Note, refinement of a given triangle is done if any of the provided criteria is met.

Parameters:
  • hucs (SplitHUCs) – A split-form HUC object from, e.g., get_split_form_hucs()

  • rivers (list[watershed_workflow.river_tree.River], optional) – List of rivers, used to refine the triangulation in conjunction with refine_distance.

  • internal_boundaries (list[shapely.geometry.Polygon, watershed_workflow.river_tree.River], optional) – List of objects, whose boundary (in the case of polygons/waterbodies) or reaches (in the case of River) will be present in the edges of the triangulation.

  • hole_points (list(shapely.Point), optional) – List of points inside the polygons to be left as holes/voids (excluded from mesh)

  • diagnostics (bool, optional) – Plot diagnostics graphs of the triangle refinement.

  • tol (float, optional) – Set tolerance for minimum distance between two nodes. The unit is the same as that of the watershed’s CRS. The default is 1.

  • refine_max_area (float, optional) – Refine a triangle if its area is greater than this area.

  • refine_polygons ([list(shapely.geometry.Polygon), list(float)], optional) – Refine a triangle if it falls within the polygons and its area is greater than the area limit for the polygon

  • refine_distance (list(float), optional) –

    Refine a triangle if its area is greater than a function of its centroid’s distance from the nearest point on the river network. The argument is given by:

    [near_distance, near_area, far_distance, far_area]

    Defining d as the distance from triangle centroid to the nearest point on the river network and area as the area of the triangle in question, refinement occurs if:

    • d < near_distance and area > near_area

    • d > far_distance and area > far_area

    • otherwise, defining d’ = (d - near_distance) / (far_distance - near_distance), refining occurs if area > near_area + (far_area - near_area) * d’
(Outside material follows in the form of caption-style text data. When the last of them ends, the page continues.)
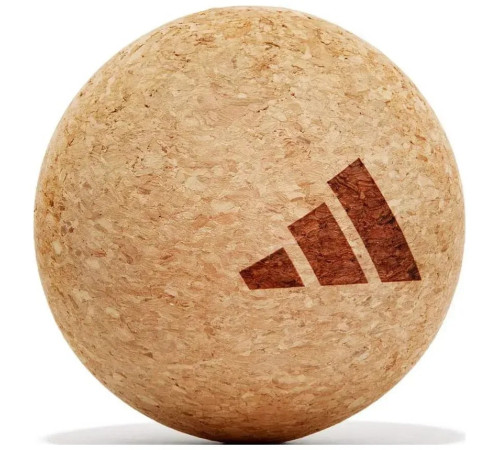 Масажний м'яч Adidas Cork Massage Ball 8,3 x 8,3 x 8,3 см, бежевий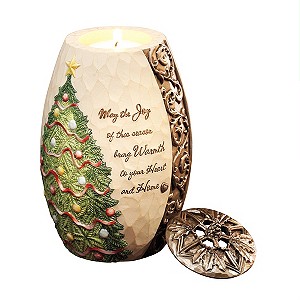 H Samuel Christmas Home Candle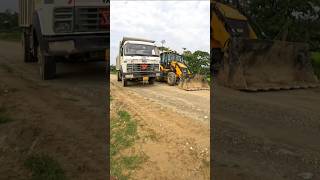 Jcb dumper working video 🚜😜 jcb dumper tractor bulldozer automobile [upl. by Kurman]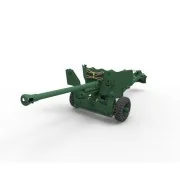 British Loyd Carrier with 6 Poundener Anti-Tank Gun - Bronco Models...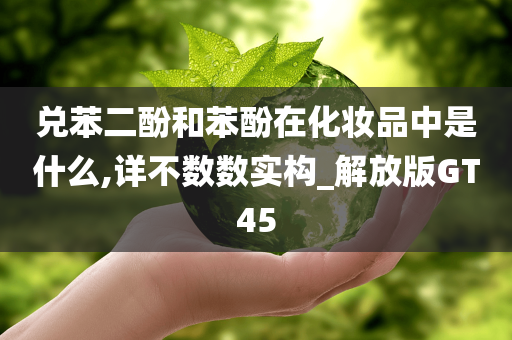 兑苯二酚和苯酚在化妆品中是什么,详不数数实构_解放版GT45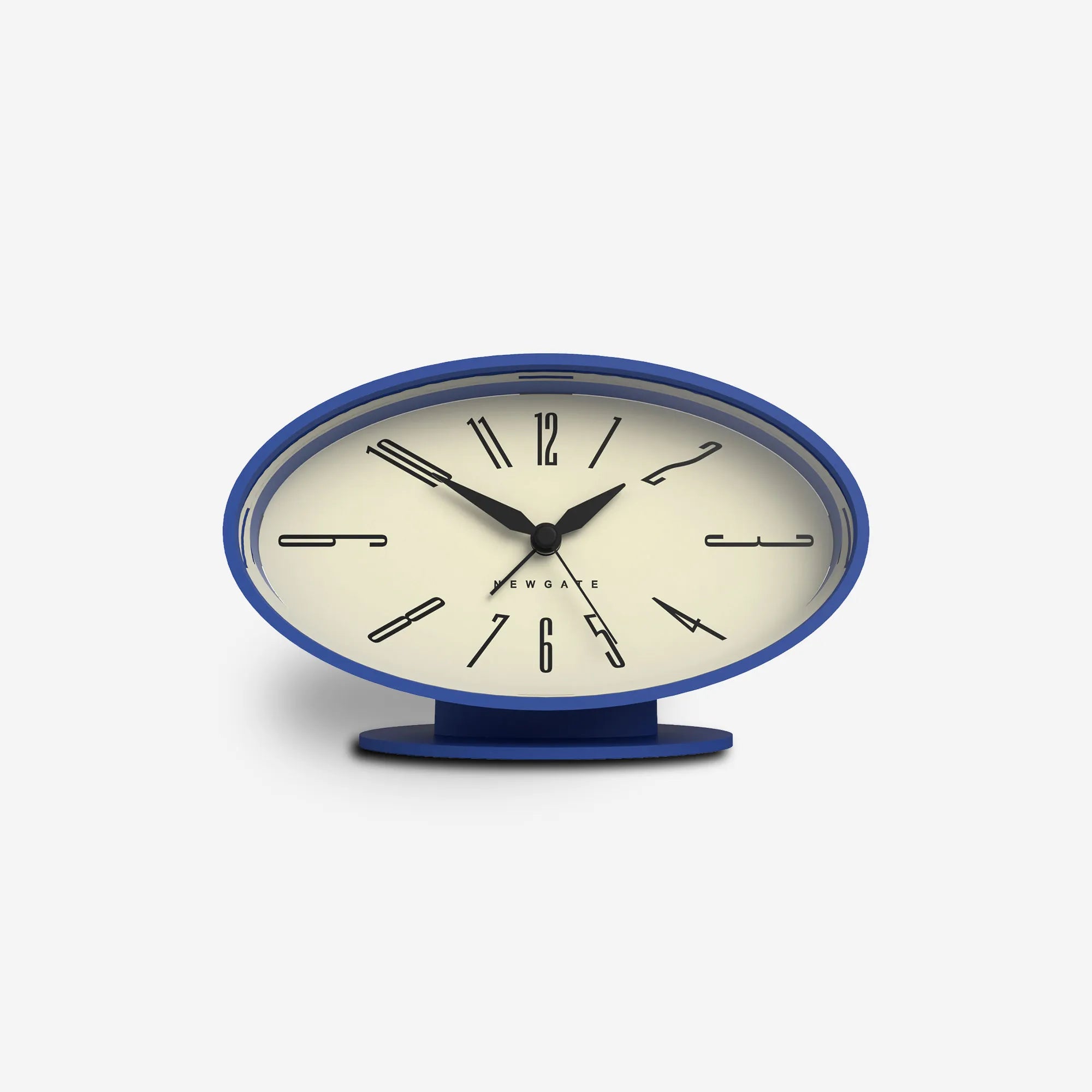 Newgate Ronnie alarm clock in blue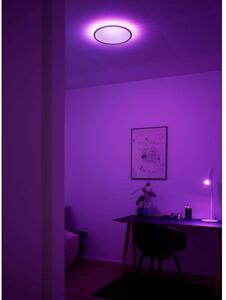 Nordlux - Liva Smart Color Stropní Lampa BlackNordlux - Lampemesteren
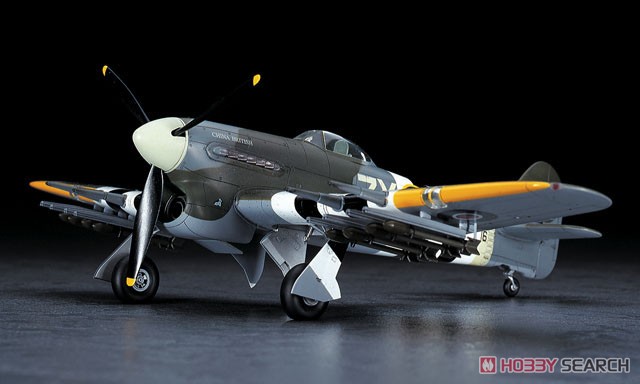 Typhoon Mk.I B Tear Drop Canopy (Plastic model) Item picture1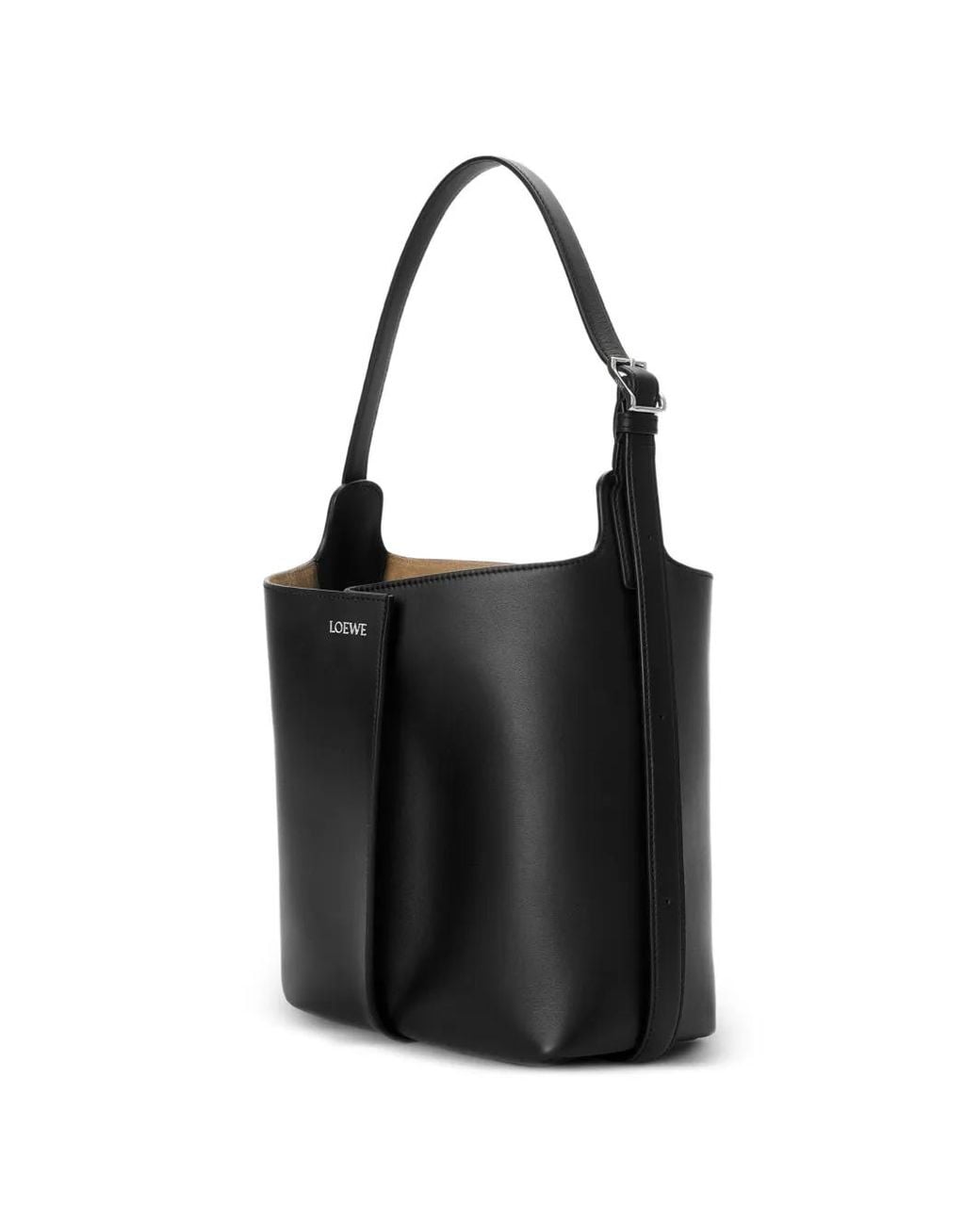 Loewe Bilbao Medium Schoudertas in het Black
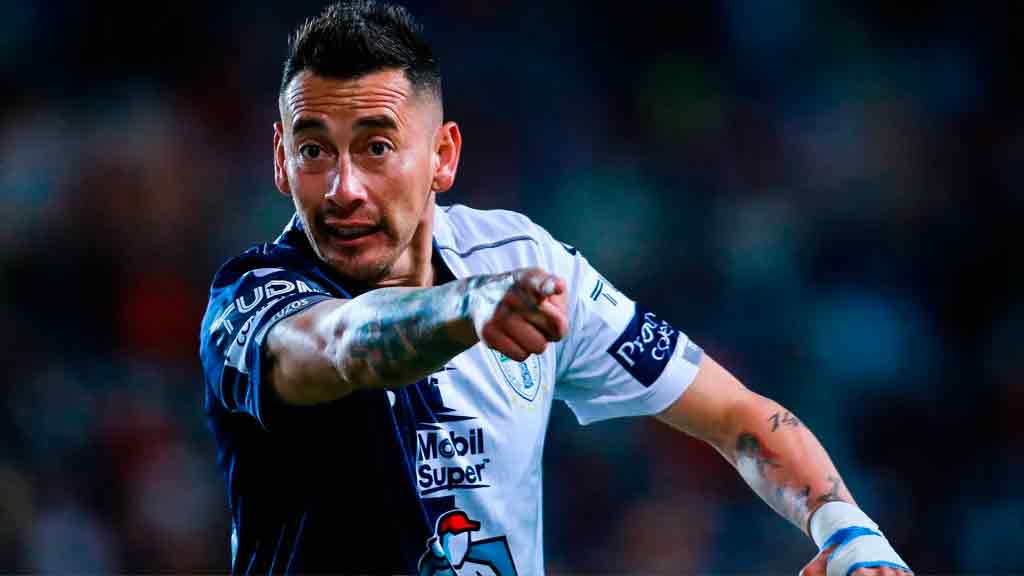 OFICIAL: Rubens Sambueza se despide de Pachuca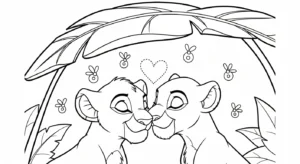 coloriage Saint Valentin updated et dessins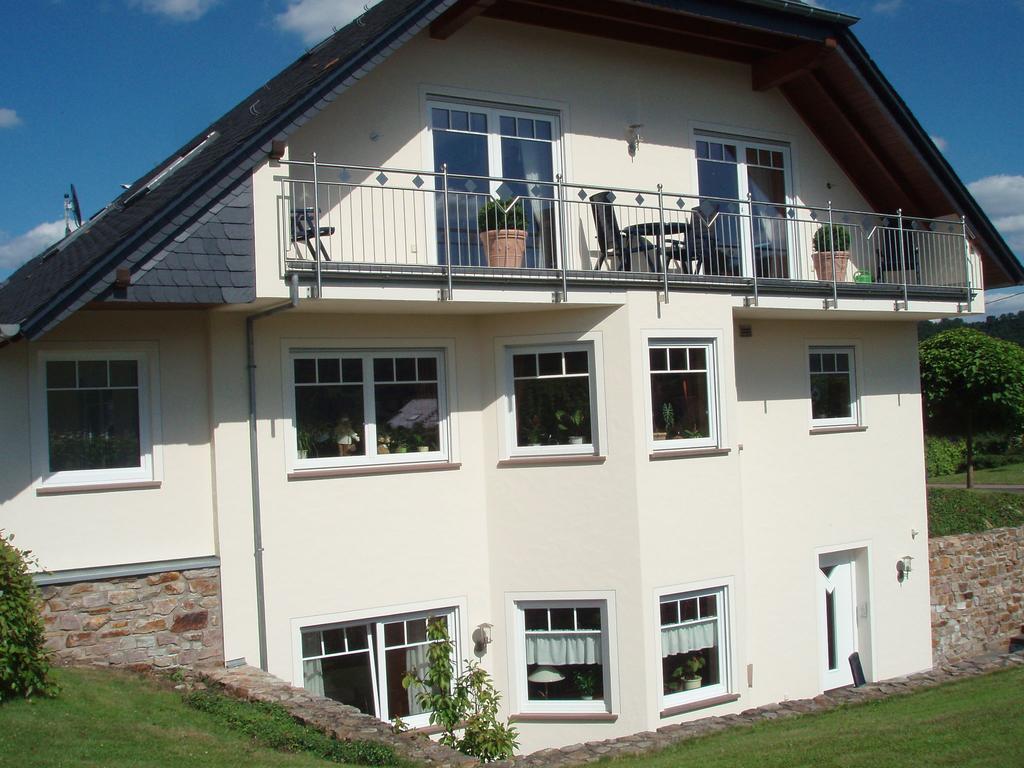 Sch Ne Wohnung In Der Moselregion Kinheim Esterno foto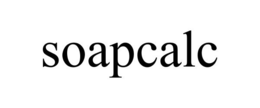 SOAPCALC trademark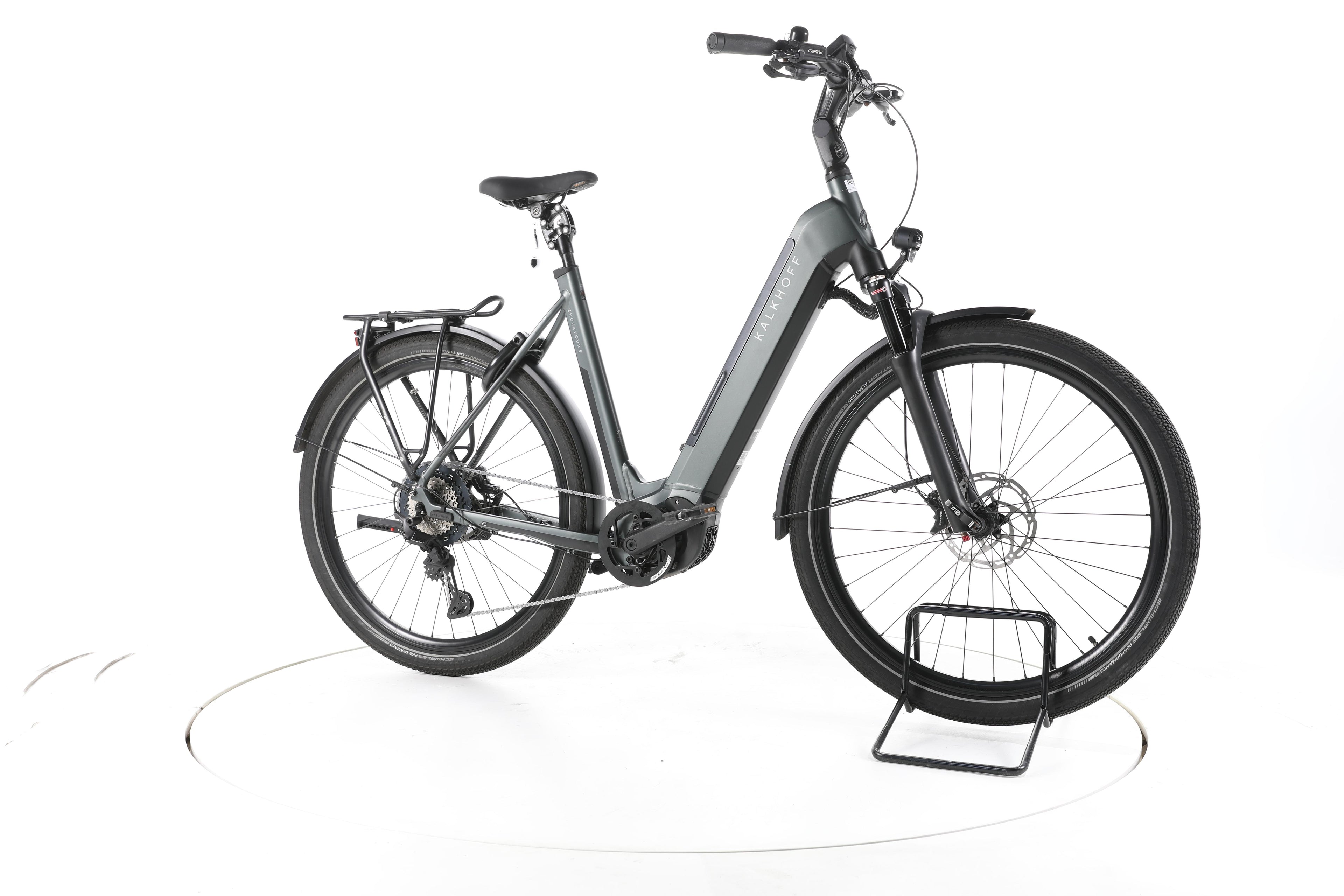 Kalkhoff Endeavour 5.B Advance+ Trekking E-Bike Tiefeinsteiger - Image 2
    Effectively this simply writes a piecewise linear function of triangle distance from centroid and uses that as a max area criteria.

  • refine_max_edge_length (float, optional) – Refine a triangle if its max edge length is greater than this length.

  • refine_min_angle (float, optional) – Try to ensure that all triangles have a minimum edge length greater than this value.

  • enforce_delaunay (bool,optional, experimental) –

    Attempt to ensure all triangles are proper Delaunay triangles.

Returns:

  • vertices (np.array((n_points, 2), ‘d’)) – Array of triangle vertices.

  • triangles (np.array((n_tris, 3), ‘i’)) – For each triangle, a list of 3 indices into the vertex array that make up that triangle.

  • areas (_only if diagnostics=True_, np.array((n_tris), ‘d’)) – Array of triangle areas.

  • distances (_only if diagnostics=True_, np.array((n_tris), ‘d’)) – Array of triangle distances from the river network.